Material provided:
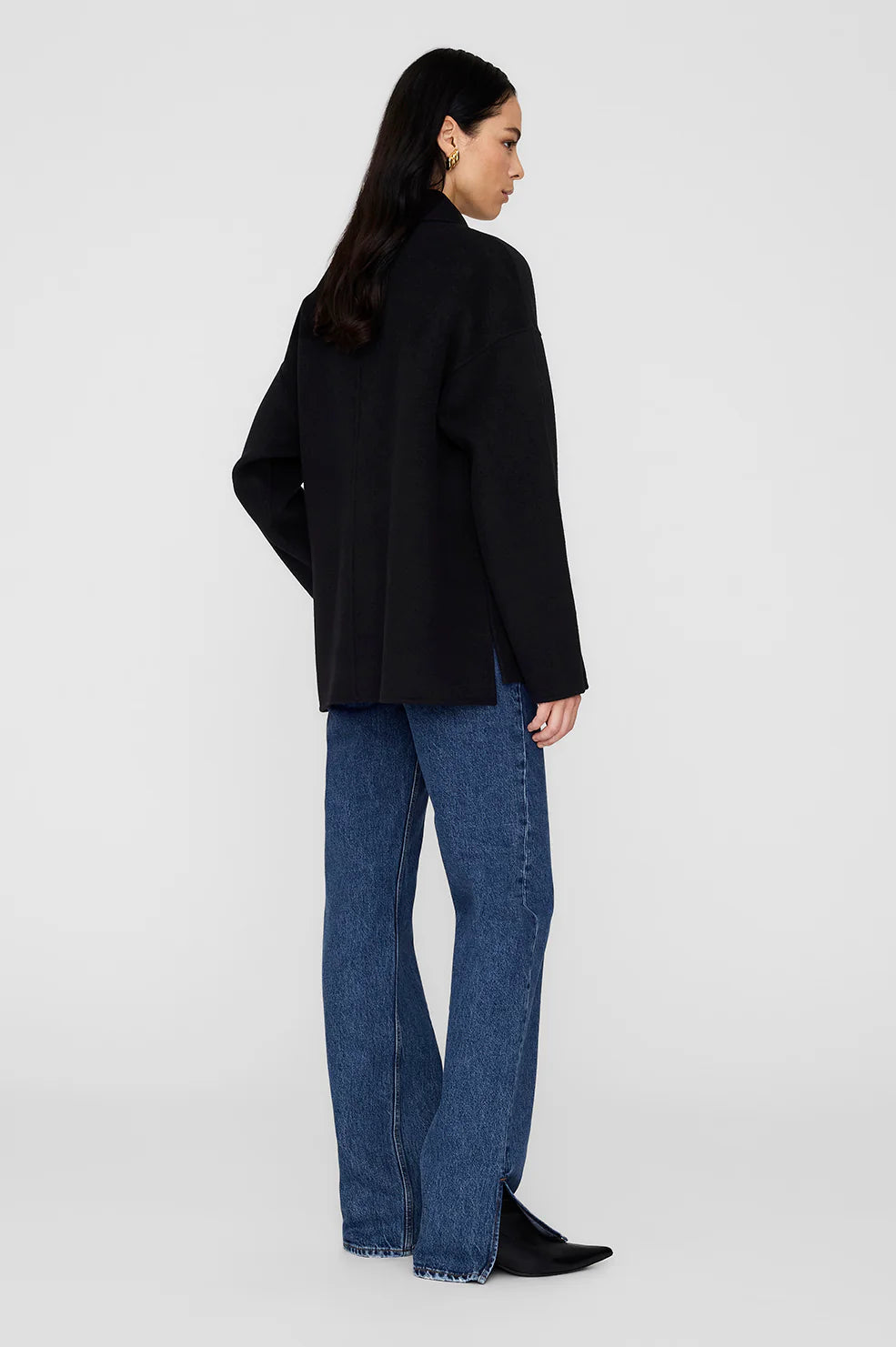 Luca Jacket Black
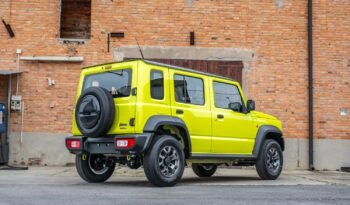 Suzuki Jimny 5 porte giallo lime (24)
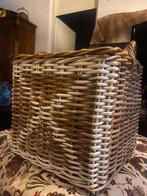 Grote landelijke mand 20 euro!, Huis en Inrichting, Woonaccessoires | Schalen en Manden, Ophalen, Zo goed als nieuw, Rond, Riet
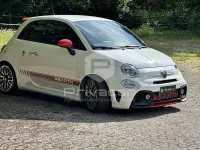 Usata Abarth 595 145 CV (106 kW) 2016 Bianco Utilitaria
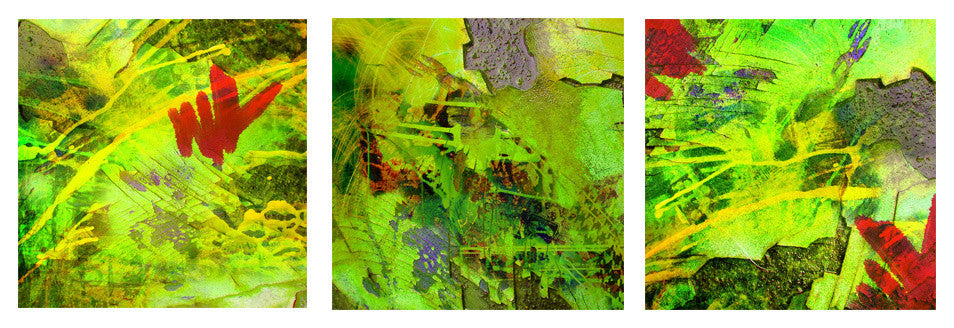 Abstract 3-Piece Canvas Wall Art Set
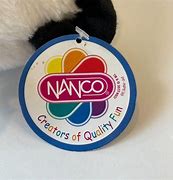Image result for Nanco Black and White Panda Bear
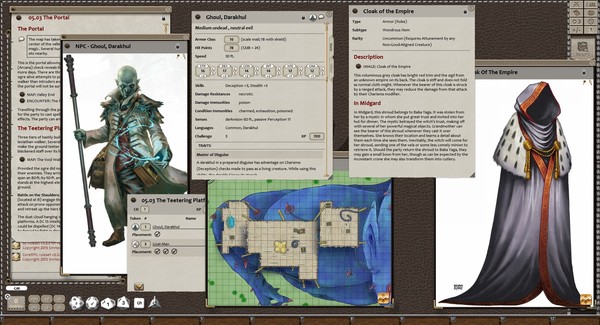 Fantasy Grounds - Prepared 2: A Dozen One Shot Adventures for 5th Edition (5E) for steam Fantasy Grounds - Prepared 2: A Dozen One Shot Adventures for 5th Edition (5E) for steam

Exercise details: Write out only the lines from the one that contains "Suzuki Jimny 5 porte giallo lime (24)" through the last line of the records above, both included, word for word and without the pictures.

Task answer:
 Suzuki Jimny 5 porte giallo lime (24)
 Grote landelijke mand 20 euro!, Huis en Inrichting, Woonaccessoires | Schalen en Manden, Ophalen, Zo goed als nieuw, Rond, Riet
 Usata Abarth 595 145 CV (106 kW) 2016 Bianco Utilitaria
 Abstract 3-Piece Canvas Wall Art Set
Image result for Nanco Black and White Panda Bear
 Fantasy Grounds - Prepared 2: A Dozen One Shot Adventures for 5th Edition (5E) for steam Fantasy Grounds - Prepared 2: A Dozen One Shot Adventures for 5th Edition (5E) for steam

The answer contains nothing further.